Tensions of civic imagination are at the architectural core of my recent pieces; I believe that to make the world a better place requires an act of Civic Imagination. My engagement with choreography also recalls Outsider art, a style that originated in the South to express geography isolation and self-taught skills. Uninhibited by the norms of traditional art, my hybrid practice is guided by a faith in personal vision. Aural and choreographic gestures are collectively woven through my work: a hum; walking slowly backward together; Movement Choirs that bring us closer together; listening as a form of healing. Knitting a tightly woven audienceship and creators, a beautiful and chaotic shared identity emerges. My intention is to indirectly point to our perceptions of what we are when we are alone vs. what we are when we are together, raising questions of our views of what family is.

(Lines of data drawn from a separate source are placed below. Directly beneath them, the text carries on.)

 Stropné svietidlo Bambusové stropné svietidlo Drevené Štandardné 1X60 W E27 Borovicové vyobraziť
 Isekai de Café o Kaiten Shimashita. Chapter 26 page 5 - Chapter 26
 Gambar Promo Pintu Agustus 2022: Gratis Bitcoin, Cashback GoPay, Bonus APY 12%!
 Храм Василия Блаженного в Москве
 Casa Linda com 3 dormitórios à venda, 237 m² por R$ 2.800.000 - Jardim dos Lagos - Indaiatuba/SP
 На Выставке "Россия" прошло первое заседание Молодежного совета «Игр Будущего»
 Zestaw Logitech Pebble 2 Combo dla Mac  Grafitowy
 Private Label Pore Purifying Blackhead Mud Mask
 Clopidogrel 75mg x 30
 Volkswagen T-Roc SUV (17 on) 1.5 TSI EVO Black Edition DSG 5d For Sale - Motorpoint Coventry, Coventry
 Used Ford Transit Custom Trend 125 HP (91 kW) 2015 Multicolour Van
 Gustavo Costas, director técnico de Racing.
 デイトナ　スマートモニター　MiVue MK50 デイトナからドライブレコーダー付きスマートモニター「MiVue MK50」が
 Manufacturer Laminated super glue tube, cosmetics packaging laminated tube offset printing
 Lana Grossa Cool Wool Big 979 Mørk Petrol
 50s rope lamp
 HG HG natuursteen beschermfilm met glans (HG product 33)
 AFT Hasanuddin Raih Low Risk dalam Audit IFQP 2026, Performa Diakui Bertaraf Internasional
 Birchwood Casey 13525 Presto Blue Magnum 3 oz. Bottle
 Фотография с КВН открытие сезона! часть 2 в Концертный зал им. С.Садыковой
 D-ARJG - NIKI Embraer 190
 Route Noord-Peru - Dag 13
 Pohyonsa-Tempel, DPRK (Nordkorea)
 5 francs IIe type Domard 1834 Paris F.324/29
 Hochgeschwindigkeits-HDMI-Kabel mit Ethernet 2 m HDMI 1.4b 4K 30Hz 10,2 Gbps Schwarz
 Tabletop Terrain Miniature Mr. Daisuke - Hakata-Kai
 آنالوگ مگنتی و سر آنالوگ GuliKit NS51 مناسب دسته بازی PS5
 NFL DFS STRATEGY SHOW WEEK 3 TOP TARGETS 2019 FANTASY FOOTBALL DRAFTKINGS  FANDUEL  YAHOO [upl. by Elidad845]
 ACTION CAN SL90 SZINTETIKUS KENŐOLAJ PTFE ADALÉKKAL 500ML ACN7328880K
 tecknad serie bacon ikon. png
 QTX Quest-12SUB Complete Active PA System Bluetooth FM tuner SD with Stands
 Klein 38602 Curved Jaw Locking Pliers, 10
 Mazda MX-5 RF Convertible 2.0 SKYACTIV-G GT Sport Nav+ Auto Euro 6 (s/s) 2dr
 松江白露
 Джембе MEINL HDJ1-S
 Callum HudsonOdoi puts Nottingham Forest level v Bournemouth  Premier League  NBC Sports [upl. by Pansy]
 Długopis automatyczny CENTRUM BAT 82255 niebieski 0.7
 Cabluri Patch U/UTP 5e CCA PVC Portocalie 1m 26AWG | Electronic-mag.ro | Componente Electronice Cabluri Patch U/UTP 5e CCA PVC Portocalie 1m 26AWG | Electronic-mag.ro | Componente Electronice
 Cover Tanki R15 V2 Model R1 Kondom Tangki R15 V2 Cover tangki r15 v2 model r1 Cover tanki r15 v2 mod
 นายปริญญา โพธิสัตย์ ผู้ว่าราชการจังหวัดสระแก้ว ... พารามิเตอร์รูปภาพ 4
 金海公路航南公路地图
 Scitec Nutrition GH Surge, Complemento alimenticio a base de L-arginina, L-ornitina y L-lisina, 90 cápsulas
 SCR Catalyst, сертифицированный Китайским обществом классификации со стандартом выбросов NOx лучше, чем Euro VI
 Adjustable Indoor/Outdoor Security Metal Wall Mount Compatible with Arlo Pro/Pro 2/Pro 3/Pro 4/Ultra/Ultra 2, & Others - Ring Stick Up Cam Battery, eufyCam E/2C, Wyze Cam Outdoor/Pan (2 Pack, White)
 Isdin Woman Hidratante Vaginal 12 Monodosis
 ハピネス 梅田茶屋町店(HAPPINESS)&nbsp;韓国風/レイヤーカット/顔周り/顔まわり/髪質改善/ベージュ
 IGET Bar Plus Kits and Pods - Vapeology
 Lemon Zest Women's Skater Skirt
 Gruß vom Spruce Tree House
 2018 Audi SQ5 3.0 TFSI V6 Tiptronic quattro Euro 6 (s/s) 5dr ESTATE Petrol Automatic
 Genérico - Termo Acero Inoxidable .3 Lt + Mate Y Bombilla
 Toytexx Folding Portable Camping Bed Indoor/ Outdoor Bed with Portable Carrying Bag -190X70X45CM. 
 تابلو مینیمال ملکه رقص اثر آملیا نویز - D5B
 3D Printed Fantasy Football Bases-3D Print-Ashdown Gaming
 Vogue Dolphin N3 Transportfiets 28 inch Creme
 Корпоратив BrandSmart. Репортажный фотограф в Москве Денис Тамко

I put real things--beautiful people, in real places--in tandem, and let them do their thing to generate a social situation that isn’t preoccupied with its own construction. In this way, my Choreography Mapping becomes a ceremony between nature and a moment. Drawing on what I've experienced as essential ingredients of family--adventure, nakedness, ritual and loss--I offer the public doors into alternate homes conceived of as interior events and exterior eruptions, positive and negative, without opposing context. In this outpour for others, value is reassigned. Bending, kneeling, stretching, squatting, these are small tasks and seemingly innocuous dance moves. But, there comes a moment when the tasks accumulate and they mean more than their parts. The results are powerful counter narratives of the Southern women’s bodies as capital, and my own value in reclaiming that narrative. This newly forged understanding of my own value, spatial value, the value of people working together, and the possibility of exponential value when live art’s generative potential meets empathetic power is the result of bodies rubbing up against each other.
Social performance belongs to a place and a people; relying on the transference from one body to another, it is a lost form of democracy. Encounter of the participants is unregulated. I don’t expect people to follow us for hours. I recognize the endurance ritual here. We touched each other for a moment. Through this endeavor for liberation I invite the public to become a collaborator, and family. My work is a rigorously crafted group experience that asks how far can we go together, in a world that feels like it's wrestling us apart.